- Died: June 1806 Leicester, New York
- Known for: Seneca chief active during the American Revolution

= Little Beard =

Seneca leader

Little Beard or Si-gwa-ah-doh-gwih ("Spear Hanging Down") (died June 1806), was a Seneca chief who participated in the American Revolutionary War on the side of Great Britain. After the war, he continued to reside in New York.

In Notes on the Iroquois (1846), Henry Rowe Schoolcraft recorded a Seneca tradition, attributed to Oliver Silverheels, that “Little Beard the elder” was among eight Senecas sent on a peace embassy during the earlier wars between the Six Nations and the Cherokees.

During the war in 1778, Little Beard commanded a group of Seneca in Loyalist officer Walter Butler's raid that became known as the Cherry Valley massacre.
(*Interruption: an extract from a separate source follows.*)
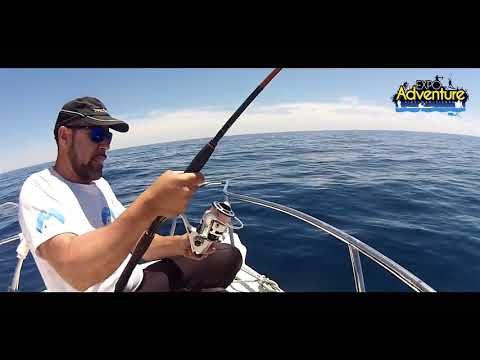 Expo Adventure Video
His village, Little Beard's Town was located near two other Seneca villages in modern Leicester in Livingston County, New York, and consisted of about 128 houses. Little Beard participated in the Cherry Valley massacre of 1778, and presided over the torture and death of Boyd and Parker, captured scouts of the Sullivan Expedition of 1779. Subsequently, Little Beard's Town was destroyed by the American forces. Mary Jemison, then a resident of the village, fled with the natives to more secure villages. The modern town of Cuylerville was built at the spot.
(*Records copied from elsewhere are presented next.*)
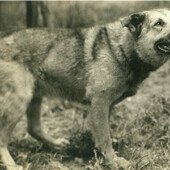 "Scaramouche B.A.E." Chinook Kennels, Wonalancet, NH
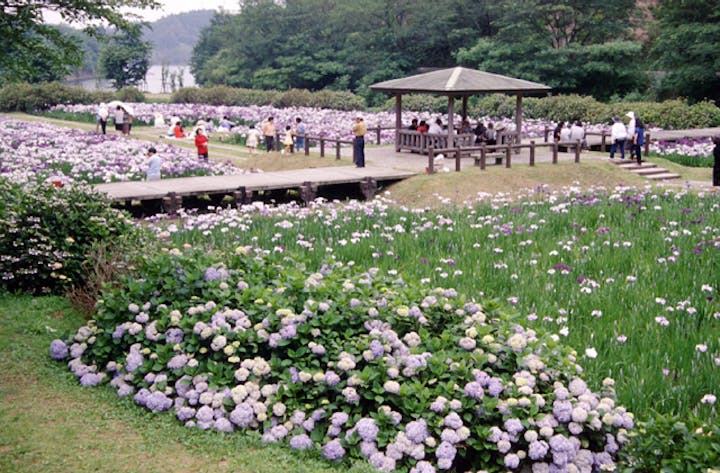 池田池公園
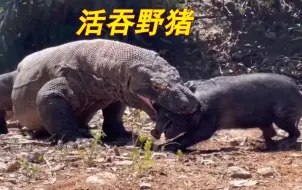 下载视频: 野猪要活吞才过瘾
Little Beard was one of the Seneca chiefs signing the Treaty of Canandaigua of 1794 that established some reservations for the Iroquois. He was also a signatory to the Treaty of Big Tree in 1797 that opened up Western New York for settlement. In 1802, the Seneca ceded Little Beard's Town, with many of its inhabitants moving to the Tonawanda Reservation.
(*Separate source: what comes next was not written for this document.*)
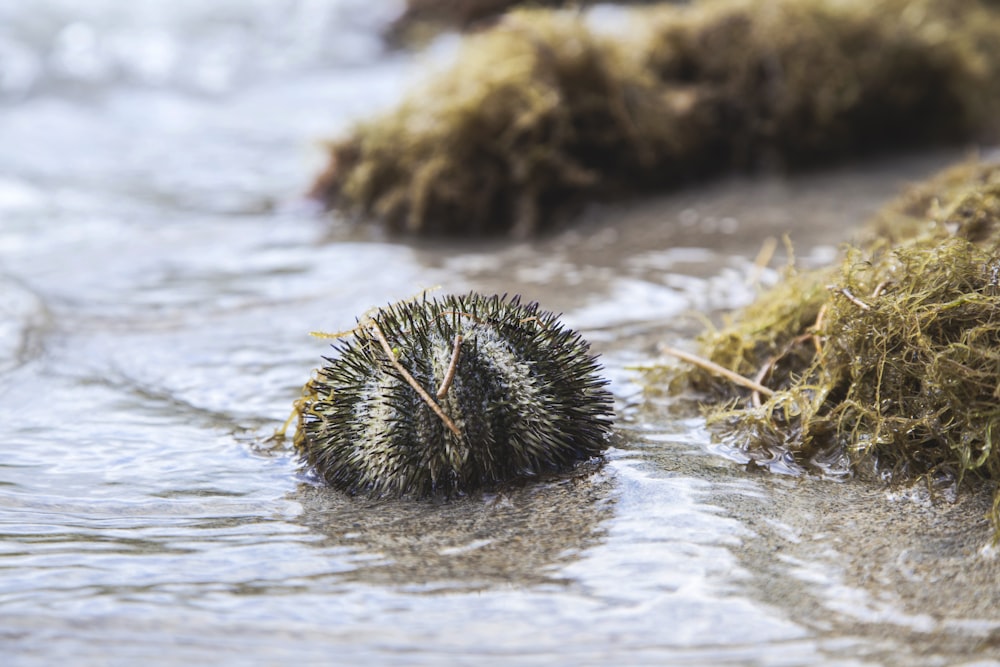 brown and black round ornament on water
According to historian Lockwood L. Doty, Little Beard died as the result of injuries received during a brawl at a tavern in Leicester, New York in June 1806.

His son, also known as Little Beard, led a group of approximately ninety Seneca into the War of 1812 on the side of the Americans. The hope was that service to the American cause would help them maintain their shrinking land base. The younger Little Beard later signed an 1826 treaty reducing the size of their existing reservations.